After fitting the model i get quite a nice plot by running:

az.plot_forest(fitted_hier, var_names='item|city', r_hat=True, combined=True, textsize=8);

To then create predictions I can then pass a table of unseen data into the model like so…

pred_df = DataFrame(
    [
        {
            "city": "Liverpool",
            "age": 10,
            "rain": 1000,
            "employees": 2,
            "item": "Apples"
        },
        {
            "city": "Liverpool",
            "age": 10,
            "rain": 1000,
            "employees": 2,
            "item": "Pears"
        },
        {
            "city": "Liverpool",
            "age": 10,
            "rain": 1000,
            "employees": 2,
            "item": "Bananas"
        },
        {
            "city": "Liverpool",
            "age": 10,
            "rain": 1000,
            "employees": 2,
            "item": "Oranges"
        },
    ]
)
pred_hier = model_bmb_hier.predict(fitted_hier, data=pred_df, kind='mean', inplace=False)
az.plot_forest(pred_hier, var_names='p(female_sales, total_sales)_mean', r_hat=True, combined=True, textsize=8);

On the point of the data generation, my function was sloppy and done at the latter end of the working day so apologies for that! An updated version of the function is as follows (hopefully its more appropriate!):

from pandas import DataFrame, concat
import random
import numpy as np

# Store / city level
cities = ["Liverpool", "London", "Manchester", "Birmingham", "Leeds", "Glasgow", "Sheffield", "Edinburgh", "Bristol", "Cardiff"]
female_prop = [0.4, 0.55, 0.6, 0.5, 0.45, 0.43, 0.7, 0.6, 0.4, 0.5]
age_of_store = [10, 20, 30, 40, 50, 60, 70, 80, 90, 100]

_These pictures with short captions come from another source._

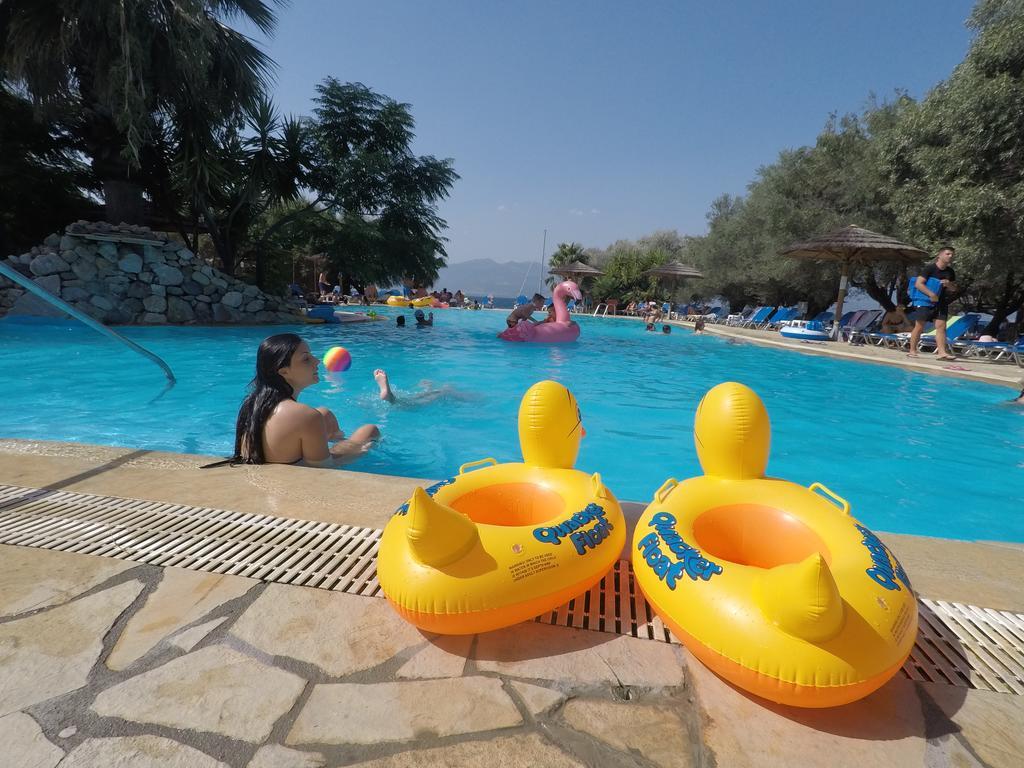 פסאתופירגוס Florida Blue Bay Resort & Spa מראה חיצוני תמונה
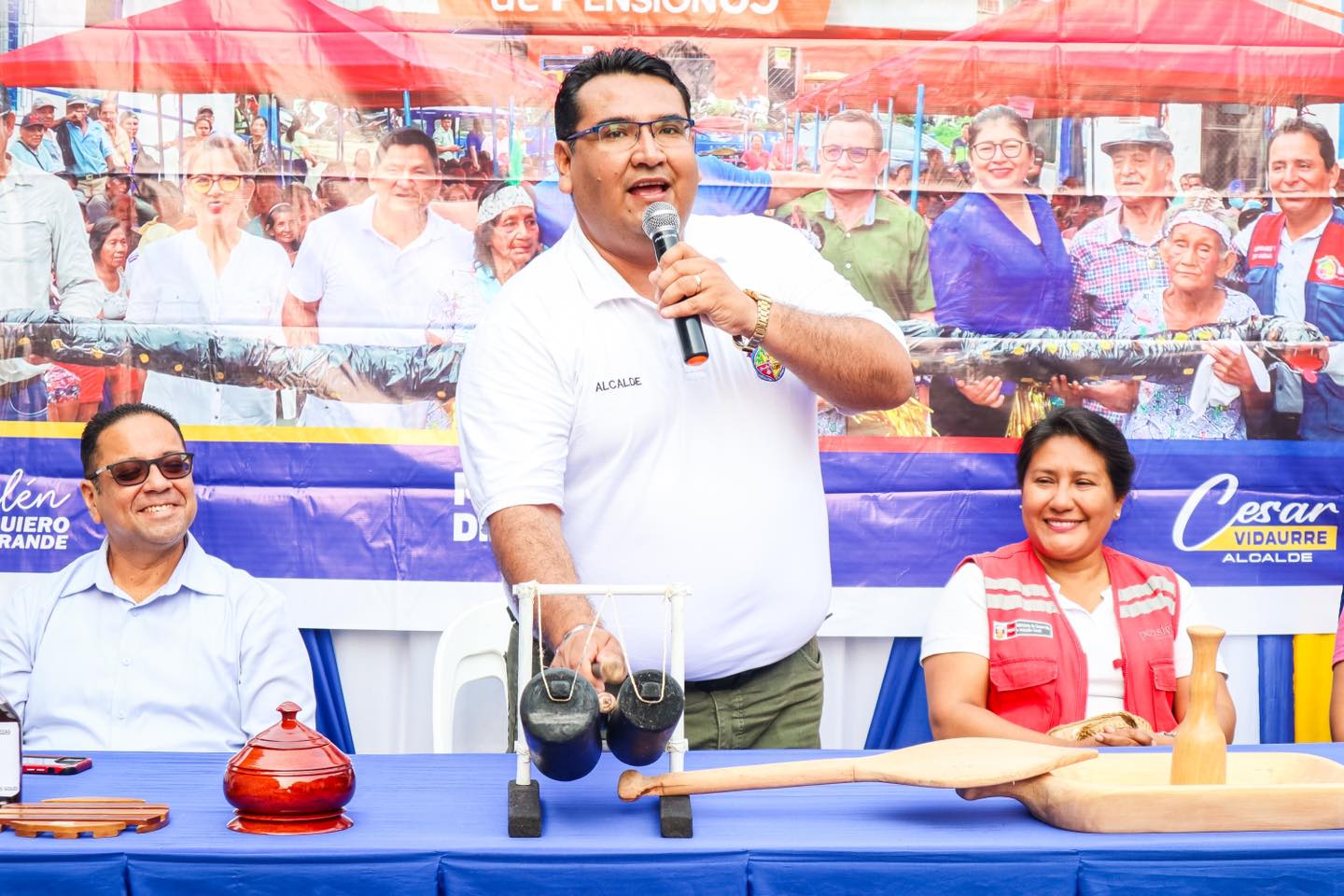 Alcalde de la Municipalidad Distrital de Bel茅n, Cesar M. Vidaurre Floridas, particip贸 de la Segunda Feria Gastron贸mica de Saberes Productivo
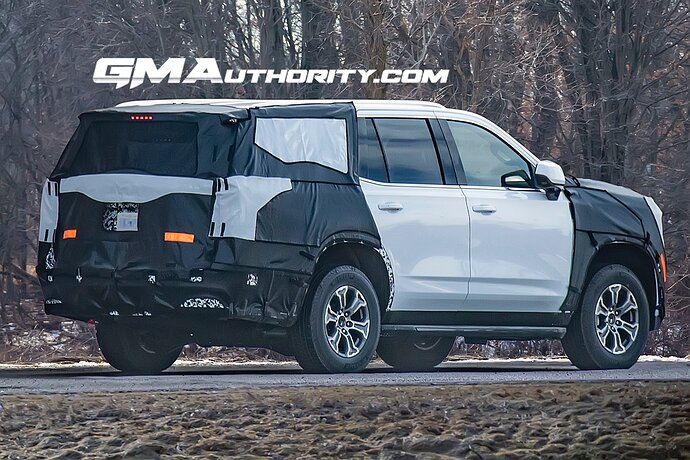 2024-GMC-Yukon-Prototype-Spy-Shots-February-2022-Exterior-003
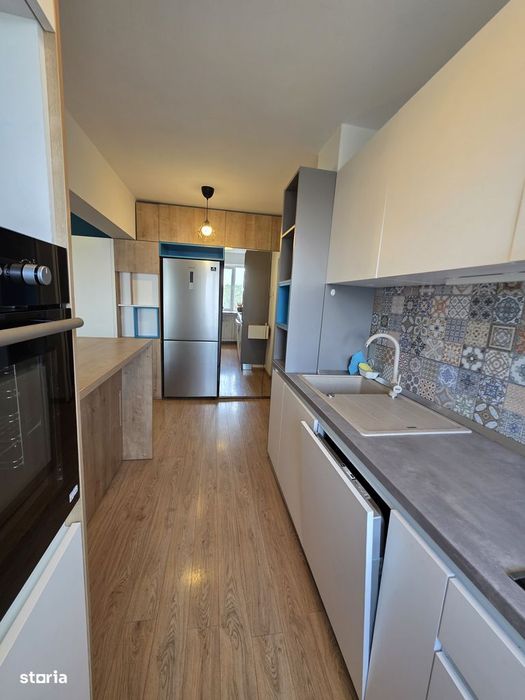 Apartament cu 3 camere de vanzare in zona Campia Libertatii - Parc IOR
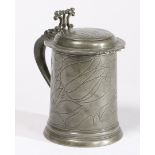 A FINE CHARLES II PEWTER OEWS QUART FLAT-LID WRIGGLEWORK TANKARD, WIGAN, CIRCA 1680.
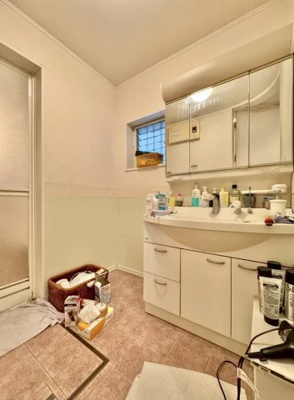 【独立洗面台】 | 足立区中川2丁目中古住宅 | 【洗面化粧台】洗面化粧台には三面鏡を採用。身だしなみを整えやすい事はもちろんですが、鏡の後ろに収納スペースを設ける事により、散らかりやすい洗面スペースをすっきりさせる事が出来るのも嬉しいですね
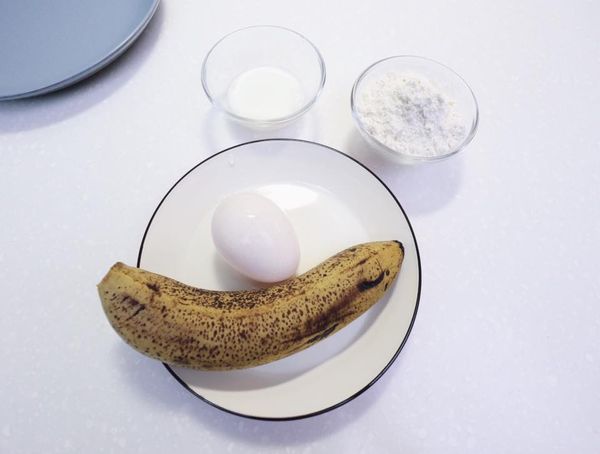 食材簡單
材料：
1.選用熟透香蕉做出來的鬆餅會很香
2.雞蛋一顆
3.低筋麵粉35g
4.全脂鮮奶5ml
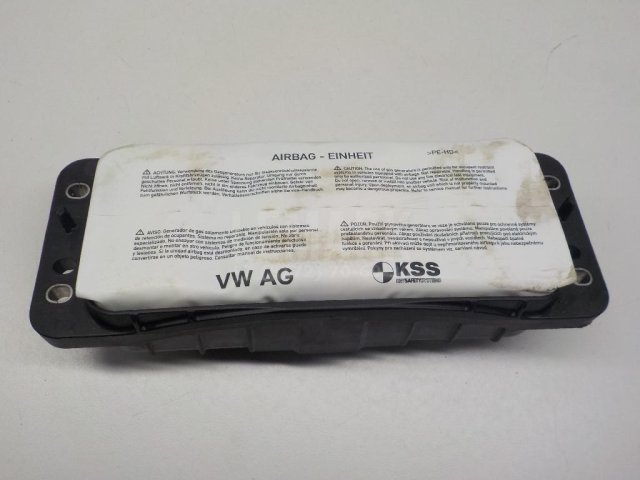 Подушка безопасности пассажирская (в торпедо)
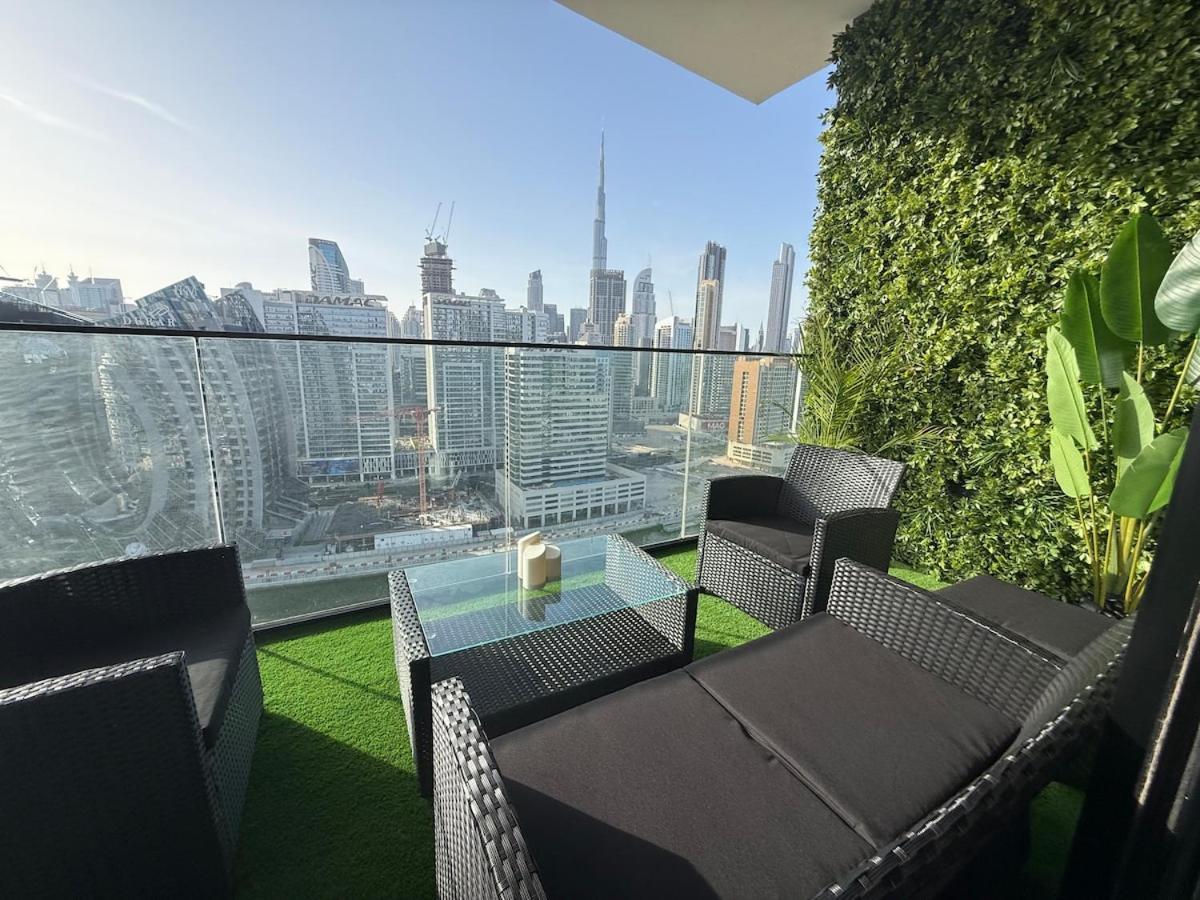 Elegant & Luxury 2Br Apartment Burj And Canal View Sabkhah Экстерьер фото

# Averages to simulate from
rain_averages = [1000, 900, 800, 700, 600, 500, 400, 300, 200, 100]
employee_averages = [2,4,3,5,3,4,5,6,3,6]

# Values to simulate sales from (for index 0 - apples would be the most popular purchase and pears the least)
fruit_ratios = [(7, 4, 2, 5), (8, 5, 3, 4), (4, 6, 4, 5), (5, 7, 5, 7), (6, 8, 4, 9), (7, 9, 7, 4), (3, 7, 8, 6), (6, 4, 8, 5), (3, 6, 5, 4), (7, 7, 2, 5)]
fruit_names = ["Apples", "Oranges", "Pears", "Bananas"]

df = DataFrame()
row = 0
for i in range(500):
    city = random.choice(cities)
    city_index = cities.index(city)
    age = age_of_store[city_index]
    fp = female_prop[city_index]

    rain = max([0, np.random.normal(rain_averages[city_index], 40)])
    employees = int(max([1, np.random.normal(employee_averages[city_index] + 3, 3)]))

    fruit_batch = fruit_ratios[city_index]
    for j, fruit in enumerate(fruit_names):
        total_sales = round(max([0, np.random.normal(fruit_batch[j] * employees, 5) + (np.random.normal(age, 5)*np.sqrt(rain))]), 2)
        female_sales = round(np.clip(np.random.normal(fp, 0.03), 0, 1) * total_sales, 2)
        
        tmp = {
            "city": city,
            "age": age,
            "rain": rain,
            "employees": employees,
            "item": fruit,
            "total_sales": total_sales,
            "female_sales": female_sales
        }

        df = concat([df, DataFrame(tmp, index=[row])])
        row += 1

  1. Suggesting I know that usually in Liverpool that the proportion of oranges bought by women is around 0.6, how could I incorporate this into the model?
  2. If we don’t have training data for a specific city that we later want a prediction for, I get the error “The levels xx in ‘city’ are not present in the original data set.” which is understandable but I was hoping there was a way to generalize?

I hope this is a step in the right direction (albeit a baby one) and i look forward to your reply. Thanks

1 Like